Raw data:
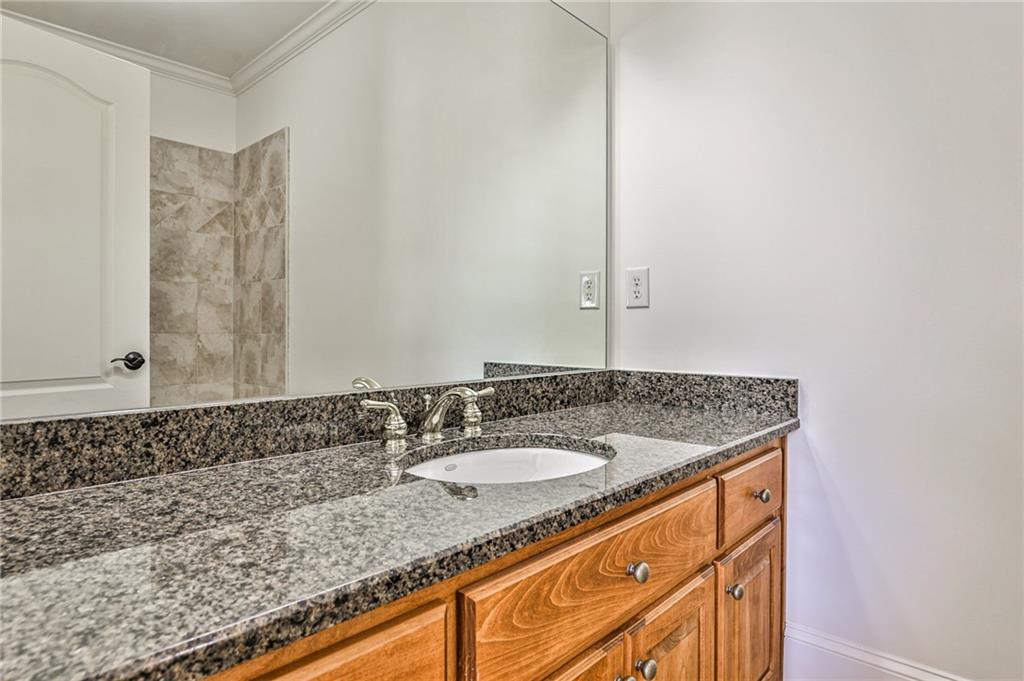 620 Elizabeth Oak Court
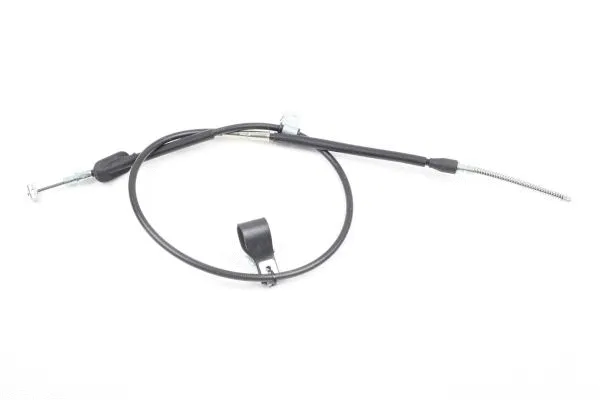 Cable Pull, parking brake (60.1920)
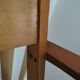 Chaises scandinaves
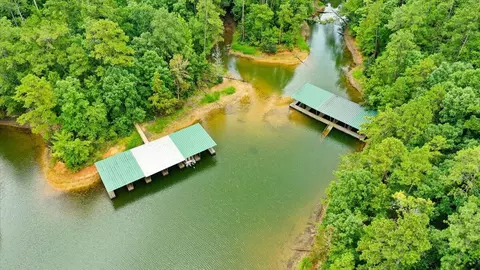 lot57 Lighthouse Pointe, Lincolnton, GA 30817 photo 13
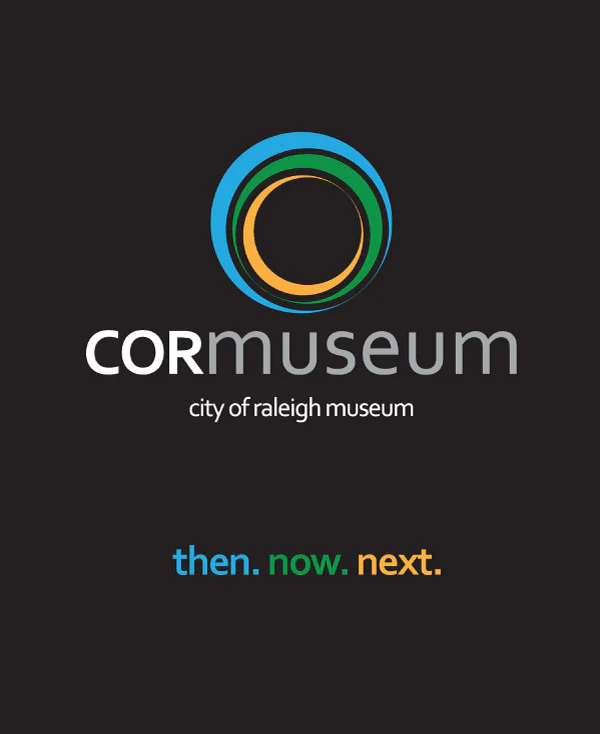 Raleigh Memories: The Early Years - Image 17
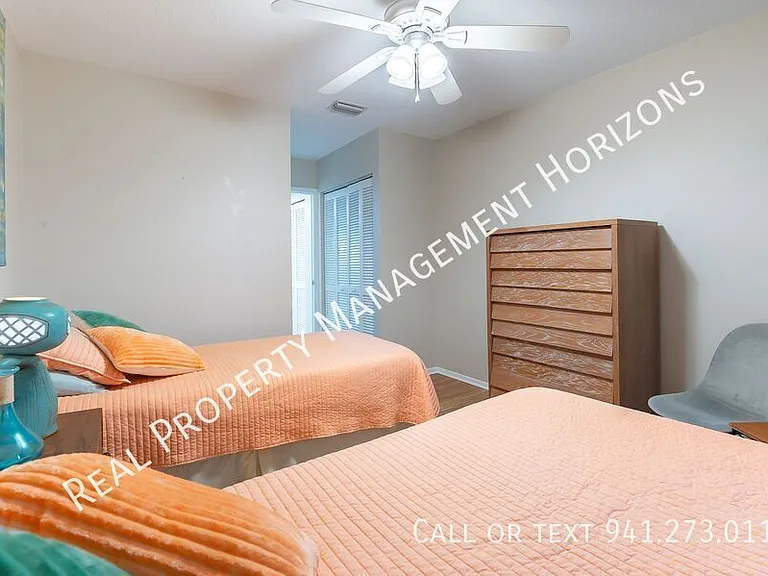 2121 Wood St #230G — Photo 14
--
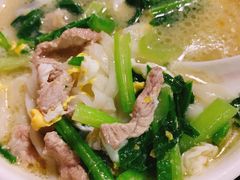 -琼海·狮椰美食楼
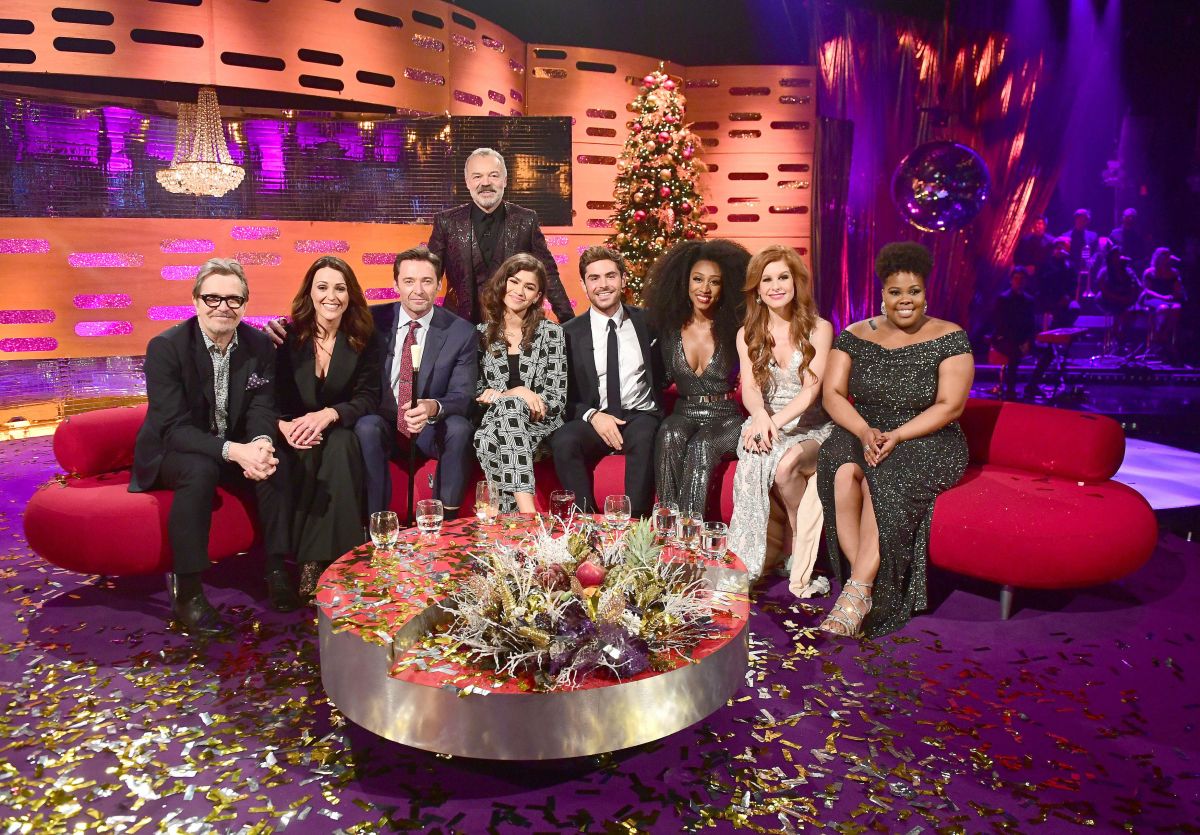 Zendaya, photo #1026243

Task details:
Above this task is a listing with pictures in it. Retype only the lines from the one containing "lot57 Lighthouse Pointe, Lincolnton, GA" through the one containing "2121 Wood St #230G — Photo 14", both included, and not the pictures.

Task answer:
 lot57 Lighthouse Pointe, Lincolnton, GA 30817 photo 13
 Raleigh Memories: The Early Years - Image 17
 2121 Wood St #230G — Photo 14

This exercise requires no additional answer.